The Joint Chiefs said the missiles were fired eastward from South Hamgyong Province on the country's easy coast. Officials will continue to monitor the area "in case of additional launches," the JCS stated in a release.
South Korea's Defense Minister noted the weapons were of a type not previously seen.
A spokesperson for the US State Department informed the South Korean news agency that US officials "are aware of reports of a missile launch from North Korea" and that the matter is being monitored. However, the Japanese Ministry of Defense said no ballistic missiles had reached its territory or exclusive economic zone.
Another missile test not even a week ago, on July 25, saw DPRK fire two short-range ballistic missiles into the Sea of Japan from near Wonsan, to the south of Wednesday's test.
Following the Thursday test, US President Donald Trump said he was "not at all" worried, since his "relationship is very good with" North Korean leader Kim Jong Un. Pyongyang said the test was a message to the South to abandon its new weapons programs and shut down scheduled war games with the United States.

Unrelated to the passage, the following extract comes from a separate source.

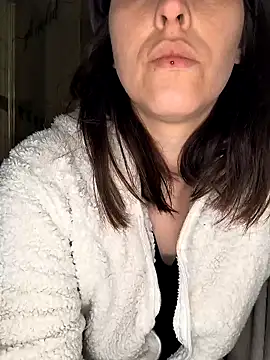 Linalicious online show from March 18, 2025, 5:42 pm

Earlier this year, Pyongyang resumed missile tests following a moratorium of over a year, as negotiations with Washington over disarmament and denuclearization stalled amid refusals to lower sanctions against the socialist country. Still, Kim has signaled a willingness to return to the negotiation table, even while sending the parallel message that he's unwilling to give up his country's only guarantee of safety without substantial movement from the US toward reconciliation and a mutual defusing of tensions on the peninsula.